Hasina was a 25-year-old woman, here in camp for 3 months. She was near term when she ran away with 7 other children, walking for 8 days in her very pregnant state. Some days, it rained and they were miserably wet. They had little to eat and most days they drank only water. They hid in the jungle for fear of the military and scarcely slept. We gave her a bag full of dried salted fish, groundnuts and apples, the latter lit up the eyes of four of her children who came with her.

The clinic was busy, patients streamed in endlessly. I saw about 30 patients and took a break at one o’clock and then resumed seeing patients to a total of 50. It was a very tiring and exhausting day.

Words must have spread concerning the clinic giving out food. One irritable child, probably hungry because of the long wait came in right away asking where was her apple. Giving out food in the clinic created an incentive for patients to come even if there were no real medical issues.

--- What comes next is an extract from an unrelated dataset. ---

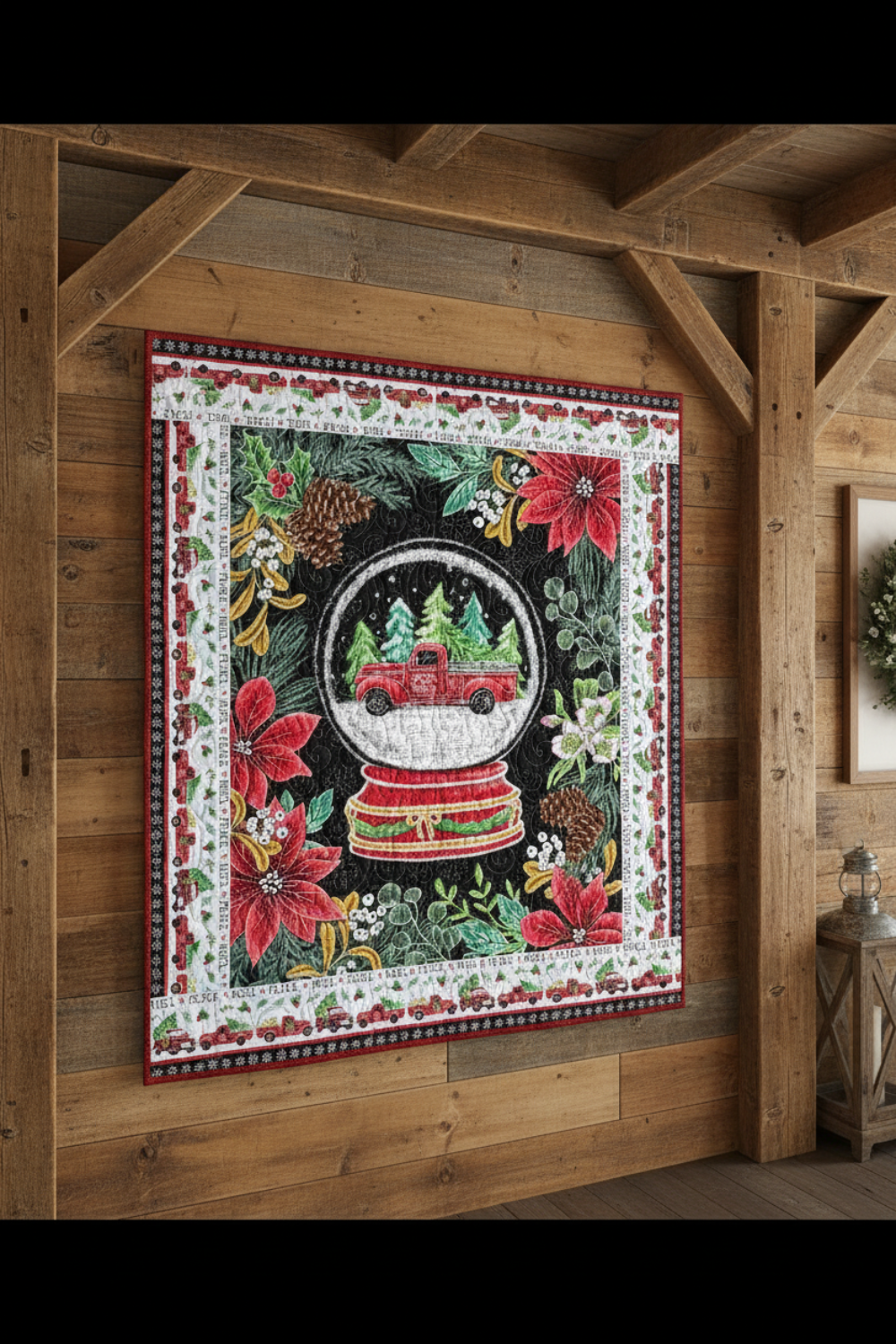 Decorative quilt with Christmas design featuring a snow globe and poinsettias on a wooden wall.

In the newspaper today, one of the headlines flashed,”Mayanmar agrees to take back the refugees in two years”. I did not read the details of the article but I wonder how many Rohingya would go back.

My translator was Yasim who had been in the camp for two months. Oldest of 6 siblings, he said when the gun started to shoot, everyone scattered. In the chaos he was separated from his family but he was fortunate to reunite with them. He saw many people killed and as he related his story his eyes glinted the horror he witnessed. He feels he is not accepted at Bangladesh and would like to go back to Myanmar if he is given citizenship for after all that has been his home.

As I crossed the bamboo bridge leaving the entrance to the Kutupalong Camp for the last time, I looked back at the glowing sun about to set over the camp. Its red glow penetrated the grey haze shrouding the enormous canopy that temporarily housed the massive humanity that had made its narrow and harrowing escape from the military crackdown and communal violence over the last five months.